LoadData

Load Data loads text or numerical data to be associated with images, and can also load images specified by file names.

This module loads a file that supplies text or numerical data associated with the images to be processed, e.g., sample names, plate names, well identifiers, or even a list of image filenames to be processed in the analysis run.

Disclaimer: Please note that the Input modues (i.e., Images, Metadata, NamesAndTypes and Groups) largely supercedes this module. However, old pipelines loaded into CellProfiler that contain this module will provide the option of preserving them; these pipelines will operate exactly as before.

The module currently reads files in CSV (comma-separated values) format. These files can be produced by saving a spreadsheet from Excel as "Windows Comma Separated Values" file format. The lines of the file represent the rows, and each field in a row is separated by a comma. Text values may be optionally enclosed by double quotes. The LoadData module uses the first row of the file as a header. The fields in this row provide the labels for each column of data. Subsequent rows provide the values for each image cycle.

There are many reasons why you might want to prepare a CSV file and load it via LoadData. Below, we describe how the column nomenclature allows for special functionality for some downstream modules:

Columns with any name: Any data loaded via LoadData will be exported as a per-image measurement along with CellProfiler-calculated data. This is a convenient way for you to add data from your own sources to the files exported by CellProfiler.

Columns whose name begins with Image_FileName or Image_PathName: A column whose name begins with "Image_FileName" or "Image_PathName" can be used to supply the file name and path name (relative to the base folder) of an image that you want to load. The image's name within CellProfiler appears afterward. For instance, "Image_FileName_CY3" would supply the file name for the CY3-stained image, and choosing the Load images based on this data? option allows the CY3 images to be selected later in the pipeline. "Image_PathName_CY3" would supply the path names for the CY3-stained images. The path name column is optional; if all image files are in the base folder, this column is not needed.

Columns whose name begins with Image_ObjectsFileName or Image_ObjectsPathName: The behavior of these columns is identical to that of "Image_FileName" or "Image_PathName" except that it is used to specify an image that you want to load as objects.

Columns whose name begins with Metadata: A column whose name begins with "Metadata" can be used to group or associate files loaded by LoadData.
For instance, an experiment might require that images created on the same day use an illumination correction function calculated from all images from that day, and furthermore, that the date be captured in the file names for the individual image sets and in a CSV file specifying the illumination correction functions.
In this case, if the illumination correction images are loaded with the LoadData module, the file should have a "Metadata_Date" column which contains the date metadata tags. Similarly, if the individual images are loaded using the LoadImages module, LoadImages should be set to extract the metadata tag from the file names (see LoadImages for more details on how to do so). The pipeline will then match the individual image with their corresponding illumination correction functions based on matching "Metadata_Date" tags. This is useful if the same data is associated with several images (for example, multiple images obtained from a single well).

Columns whose name begins with Series or Frame: A columns whose name begins with "Series" or "Frame" refers to CSVs containing information about image stacks or movies. The name of the image within CellProfiler appears afterward an underscore character. For example, "Frame_DNA" would supply the frame number for the movie/image stack file specified by the "Image_FileName_DNA" and "Image_PathName_DNA" columns.
Using a CSV for loading frames and/or series from an movie/image stack allows you more flexibility in assembling image sets for operations that would difficult or impossible using the Input modules alone. For example, if you wanted to analyze a movie of 1,000 frames by computing the difference between frames, you could create two image columns in a CSV, one for loading frames 1,2,...,999, and the other for loading frames 2,3,...,1000. In this case, CellProfiler would load the frame and its predecessor for each cycle and ImageMath could be used to create the differece image for downstream use.

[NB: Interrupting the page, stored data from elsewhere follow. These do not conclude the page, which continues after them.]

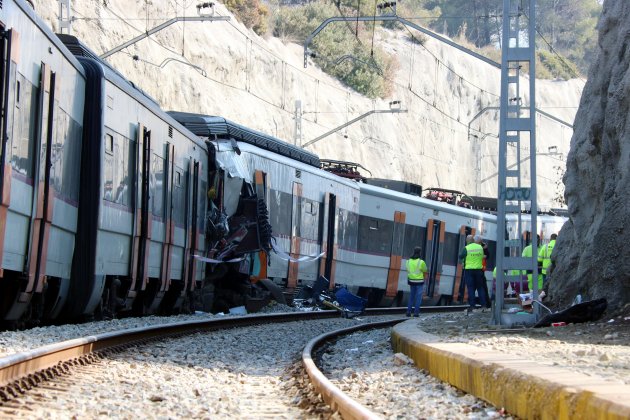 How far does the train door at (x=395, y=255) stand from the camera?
104ft

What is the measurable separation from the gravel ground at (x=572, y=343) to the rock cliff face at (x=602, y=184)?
1285mm

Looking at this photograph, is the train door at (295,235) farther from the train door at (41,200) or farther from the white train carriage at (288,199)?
the train door at (41,200)

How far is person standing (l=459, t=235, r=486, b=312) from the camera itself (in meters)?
22.1

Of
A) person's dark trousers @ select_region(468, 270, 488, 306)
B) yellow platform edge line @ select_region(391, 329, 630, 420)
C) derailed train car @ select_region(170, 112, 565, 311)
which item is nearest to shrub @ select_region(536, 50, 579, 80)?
derailed train car @ select_region(170, 112, 565, 311)

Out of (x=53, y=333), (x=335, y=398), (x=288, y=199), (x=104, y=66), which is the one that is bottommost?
(x=335, y=398)

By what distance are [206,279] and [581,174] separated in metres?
7.29

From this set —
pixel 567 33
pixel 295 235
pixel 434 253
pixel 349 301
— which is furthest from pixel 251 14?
pixel 567 33

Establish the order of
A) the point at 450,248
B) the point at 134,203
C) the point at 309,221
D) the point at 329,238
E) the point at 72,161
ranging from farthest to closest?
the point at 450,248, the point at 329,238, the point at 309,221, the point at 134,203, the point at 72,161

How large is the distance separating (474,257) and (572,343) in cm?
1010

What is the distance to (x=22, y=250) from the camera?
1144 centimetres

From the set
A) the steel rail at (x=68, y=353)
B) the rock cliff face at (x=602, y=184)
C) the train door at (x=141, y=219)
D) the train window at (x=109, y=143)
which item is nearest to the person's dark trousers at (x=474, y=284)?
the rock cliff face at (x=602, y=184)

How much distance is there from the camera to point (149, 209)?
55.7 ft

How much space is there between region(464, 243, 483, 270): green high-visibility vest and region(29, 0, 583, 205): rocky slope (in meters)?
15.7

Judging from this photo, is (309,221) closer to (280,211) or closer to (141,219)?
(280,211) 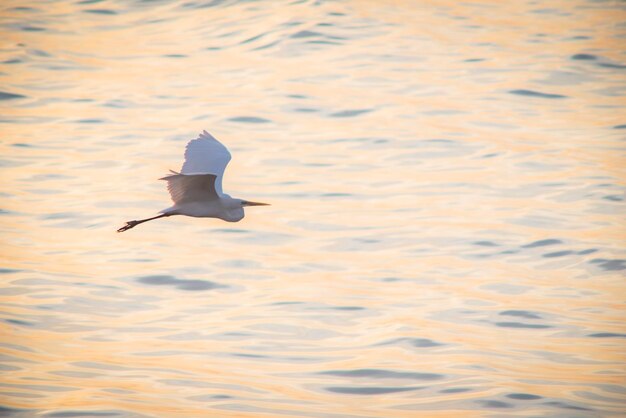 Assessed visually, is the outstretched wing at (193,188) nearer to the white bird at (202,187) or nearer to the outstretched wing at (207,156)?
the white bird at (202,187)

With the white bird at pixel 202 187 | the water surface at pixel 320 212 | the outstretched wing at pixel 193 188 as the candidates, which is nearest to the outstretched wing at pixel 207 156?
the white bird at pixel 202 187

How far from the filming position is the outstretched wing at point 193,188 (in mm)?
8742

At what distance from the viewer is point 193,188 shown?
8961 mm

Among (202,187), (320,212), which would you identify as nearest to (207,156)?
(202,187)

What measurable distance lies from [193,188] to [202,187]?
78 millimetres

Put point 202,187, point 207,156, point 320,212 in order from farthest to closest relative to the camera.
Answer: point 320,212 → point 207,156 → point 202,187

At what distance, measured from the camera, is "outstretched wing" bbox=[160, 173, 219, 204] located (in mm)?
8742

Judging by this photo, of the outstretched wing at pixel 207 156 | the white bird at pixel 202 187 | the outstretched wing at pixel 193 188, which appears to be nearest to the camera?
the outstretched wing at pixel 193 188

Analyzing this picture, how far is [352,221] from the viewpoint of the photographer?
1477 cm

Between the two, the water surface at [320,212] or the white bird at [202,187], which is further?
the water surface at [320,212]

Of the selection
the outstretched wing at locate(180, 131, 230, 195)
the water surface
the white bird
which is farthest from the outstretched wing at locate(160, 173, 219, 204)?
the water surface

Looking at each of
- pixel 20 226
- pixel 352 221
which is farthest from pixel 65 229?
pixel 352 221

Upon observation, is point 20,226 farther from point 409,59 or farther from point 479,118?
point 409,59

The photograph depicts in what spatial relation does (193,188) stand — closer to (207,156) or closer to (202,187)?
(202,187) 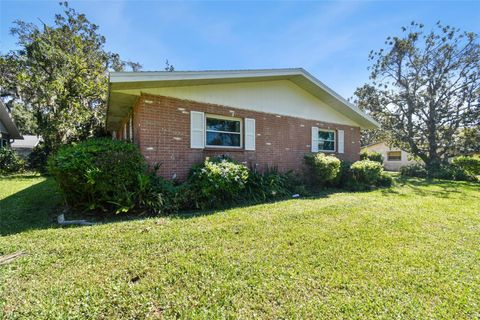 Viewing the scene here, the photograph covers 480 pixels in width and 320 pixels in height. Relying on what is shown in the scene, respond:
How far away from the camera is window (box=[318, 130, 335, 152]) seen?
10.5m

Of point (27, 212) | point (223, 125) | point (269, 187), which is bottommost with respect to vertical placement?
point (27, 212)

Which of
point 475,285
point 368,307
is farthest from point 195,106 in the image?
point 475,285

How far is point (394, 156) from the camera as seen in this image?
3048 cm

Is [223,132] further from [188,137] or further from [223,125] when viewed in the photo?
[188,137]

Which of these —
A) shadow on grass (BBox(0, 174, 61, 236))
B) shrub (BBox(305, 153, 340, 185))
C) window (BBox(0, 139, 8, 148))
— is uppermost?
window (BBox(0, 139, 8, 148))

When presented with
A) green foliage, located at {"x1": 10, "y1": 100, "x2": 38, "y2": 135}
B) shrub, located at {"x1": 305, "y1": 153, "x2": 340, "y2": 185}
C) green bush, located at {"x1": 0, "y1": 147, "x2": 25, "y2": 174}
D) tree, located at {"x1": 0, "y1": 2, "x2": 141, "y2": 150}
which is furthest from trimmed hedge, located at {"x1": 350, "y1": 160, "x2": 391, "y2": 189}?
green foliage, located at {"x1": 10, "y1": 100, "x2": 38, "y2": 135}

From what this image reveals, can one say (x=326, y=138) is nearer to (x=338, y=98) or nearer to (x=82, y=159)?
(x=338, y=98)

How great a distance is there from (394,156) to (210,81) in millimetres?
32328

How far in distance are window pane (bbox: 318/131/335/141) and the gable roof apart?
47.1 inches

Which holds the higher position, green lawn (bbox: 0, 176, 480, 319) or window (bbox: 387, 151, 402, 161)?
window (bbox: 387, 151, 402, 161)

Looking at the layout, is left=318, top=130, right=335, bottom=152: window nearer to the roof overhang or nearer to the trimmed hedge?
the trimmed hedge

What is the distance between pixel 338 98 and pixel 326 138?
197 centimetres

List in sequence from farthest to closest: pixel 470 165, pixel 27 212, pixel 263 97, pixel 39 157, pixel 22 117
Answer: pixel 22 117
pixel 39 157
pixel 470 165
pixel 263 97
pixel 27 212

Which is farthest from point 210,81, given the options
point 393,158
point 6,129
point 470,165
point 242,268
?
point 393,158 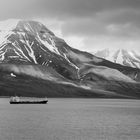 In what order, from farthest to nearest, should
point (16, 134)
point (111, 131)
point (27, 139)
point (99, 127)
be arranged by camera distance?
point (99, 127)
point (111, 131)
point (16, 134)
point (27, 139)

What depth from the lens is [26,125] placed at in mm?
142125

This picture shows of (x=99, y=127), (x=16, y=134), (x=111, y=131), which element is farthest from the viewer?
(x=99, y=127)

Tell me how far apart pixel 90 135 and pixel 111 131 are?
35.3ft

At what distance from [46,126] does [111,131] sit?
901 inches

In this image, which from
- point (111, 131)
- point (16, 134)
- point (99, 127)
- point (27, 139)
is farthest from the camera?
point (99, 127)

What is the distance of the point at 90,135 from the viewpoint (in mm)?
118625

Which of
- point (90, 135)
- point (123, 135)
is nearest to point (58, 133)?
point (90, 135)

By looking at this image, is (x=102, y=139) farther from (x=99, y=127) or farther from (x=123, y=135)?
(x=99, y=127)

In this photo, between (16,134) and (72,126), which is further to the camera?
(72,126)

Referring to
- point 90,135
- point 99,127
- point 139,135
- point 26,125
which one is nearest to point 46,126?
point 26,125

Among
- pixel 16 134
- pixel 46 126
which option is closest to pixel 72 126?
pixel 46 126

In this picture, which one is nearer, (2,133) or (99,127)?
(2,133)

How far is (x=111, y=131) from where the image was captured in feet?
418

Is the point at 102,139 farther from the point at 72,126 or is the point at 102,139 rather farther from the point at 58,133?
the point at 72,126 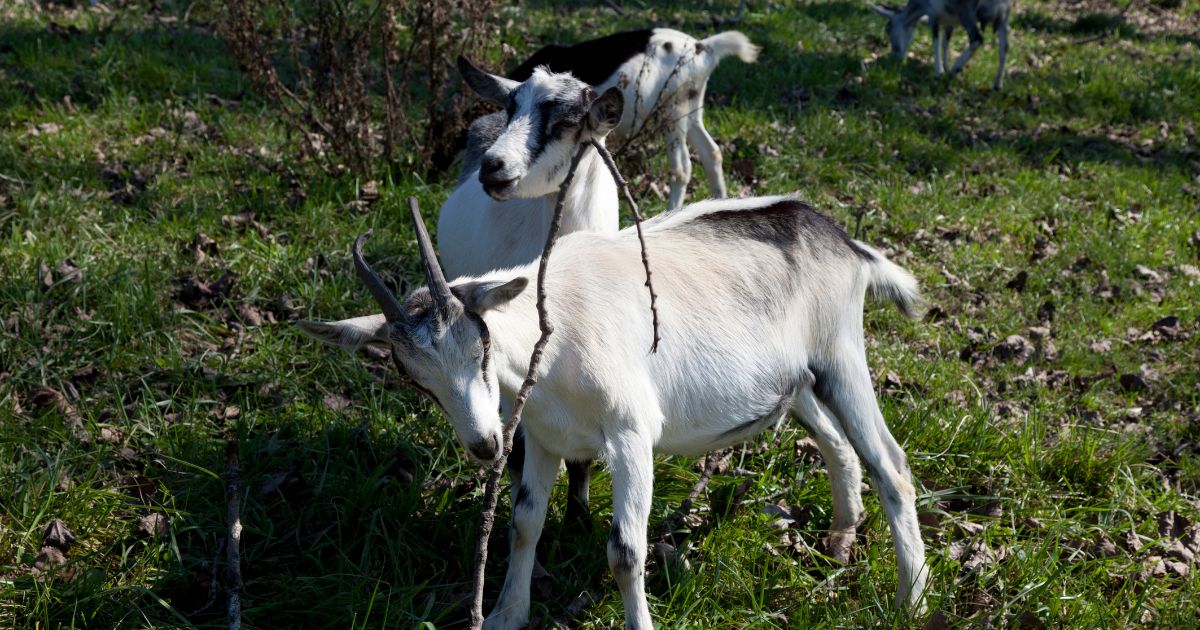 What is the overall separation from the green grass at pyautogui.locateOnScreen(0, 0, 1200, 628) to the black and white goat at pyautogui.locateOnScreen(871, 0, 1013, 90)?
116 inches

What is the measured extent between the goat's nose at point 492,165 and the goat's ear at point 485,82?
744 millimetres

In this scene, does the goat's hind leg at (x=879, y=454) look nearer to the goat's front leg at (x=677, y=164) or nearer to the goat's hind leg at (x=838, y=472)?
the goat's hind leg at (x=838, y=472)

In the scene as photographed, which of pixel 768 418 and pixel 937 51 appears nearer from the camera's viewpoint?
pixel 768 418

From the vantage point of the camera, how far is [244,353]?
4.74 meters

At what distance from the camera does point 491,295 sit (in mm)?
2785

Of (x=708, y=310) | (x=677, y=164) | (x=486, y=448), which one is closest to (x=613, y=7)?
(x=677, y=164)

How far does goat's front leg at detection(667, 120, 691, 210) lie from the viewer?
260 inches

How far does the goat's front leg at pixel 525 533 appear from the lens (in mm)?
3393

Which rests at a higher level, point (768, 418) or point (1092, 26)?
point (768, 418)

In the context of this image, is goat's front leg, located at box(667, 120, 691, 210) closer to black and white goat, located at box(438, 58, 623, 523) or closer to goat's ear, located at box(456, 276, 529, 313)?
black and white goat, located at box(438, 58, 623, 523)

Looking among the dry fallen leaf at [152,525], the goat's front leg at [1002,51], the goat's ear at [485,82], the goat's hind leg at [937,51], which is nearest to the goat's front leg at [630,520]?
the dry fallen leaf at [152,525]

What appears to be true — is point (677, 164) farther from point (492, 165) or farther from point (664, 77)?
point (492, 165)

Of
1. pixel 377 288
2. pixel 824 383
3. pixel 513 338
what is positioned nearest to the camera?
pixel 377 288

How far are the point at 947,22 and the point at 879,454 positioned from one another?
967 centimetres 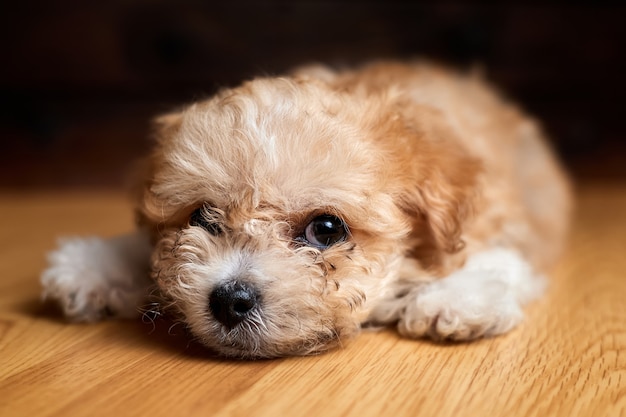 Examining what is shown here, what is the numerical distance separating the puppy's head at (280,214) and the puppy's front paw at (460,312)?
0.16 meters

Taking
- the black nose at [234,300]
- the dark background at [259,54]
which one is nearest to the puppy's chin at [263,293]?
the black nose at [234,300]

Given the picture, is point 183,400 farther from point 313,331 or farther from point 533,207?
point 533,207

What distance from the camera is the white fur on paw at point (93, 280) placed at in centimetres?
261

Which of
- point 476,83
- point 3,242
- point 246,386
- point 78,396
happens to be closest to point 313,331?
point 246,386

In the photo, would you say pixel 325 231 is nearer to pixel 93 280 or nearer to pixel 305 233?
pixel 305 233

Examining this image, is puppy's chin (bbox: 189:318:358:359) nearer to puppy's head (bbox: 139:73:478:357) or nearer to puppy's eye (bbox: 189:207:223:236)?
puppy's head (bbox: 139:73:478:357)

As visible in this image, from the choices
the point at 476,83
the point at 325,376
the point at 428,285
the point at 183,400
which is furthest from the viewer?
the point at 476,83

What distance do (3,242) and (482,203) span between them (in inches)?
104

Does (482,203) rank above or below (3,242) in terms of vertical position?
above

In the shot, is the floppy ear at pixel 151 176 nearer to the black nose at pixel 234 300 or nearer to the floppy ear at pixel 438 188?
the black nose at pixel 234 300

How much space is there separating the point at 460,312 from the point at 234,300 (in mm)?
771

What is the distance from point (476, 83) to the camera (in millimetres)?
3793

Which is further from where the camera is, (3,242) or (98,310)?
(3,242)

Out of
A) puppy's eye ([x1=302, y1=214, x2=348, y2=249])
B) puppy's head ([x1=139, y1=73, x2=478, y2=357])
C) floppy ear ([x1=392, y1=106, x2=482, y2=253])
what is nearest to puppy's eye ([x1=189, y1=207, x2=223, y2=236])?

Columns that contain dose-response or positive/negative control information: The CalculateStatistics module can calculate metrics of assay quality for an experiment if provided with information about which images represent positive and negative controls and/or what dose of treatment has been used for which images. This information is provided to CalculateStatistics via the LoadData module, using particular formats described in the help for CalculateStatistics. Again, using LoadData is useful if the same data is associated with several images (for example, multiple images obtained from a single well).

Example CSV file:

Image_FileName_FITC, Image_PathName_FITC, Metadata_Plate, Titration_NaCl_uM "04923_d1.tif", "2009-07-08", "P-12345", 750 "51265_d1.tif", "2009-07-09", "P-12345", 2750

After the first row of header information (the column names), the first image-specific row specifies the file, "2009-07-08/04923_d1.tif" for the FITC image (2009-07-08 is the name of the subfolder that contains the image, relative to the Default Input Folder). The plate metadata is "P-12345" and the NaCl titration used in the well is 750 uM. The second image-specific row has the values "2009-07-09/51265_d1.tif", "P-12345" and 2750 uM. The NaCl titration for the image is available for modules that use numeric metadata, such as CalculateStatistics; "Titration" will be the category and "NaCl_uM" will be the measurement.

Using metadata in LoadData

If you would like to use the metadata-specific settings, please see Help > General help > Using metadata in CellProfiler for more details on metadata usage and syntax. Briefly, LoadData can use metadata provided by the input CSV file for grouping similar images together for the analysis run and for metadata-specfic options in other modules; see the settings help for Group images by metadata and, if that setting is selected, Select metadata tags for grouping for details.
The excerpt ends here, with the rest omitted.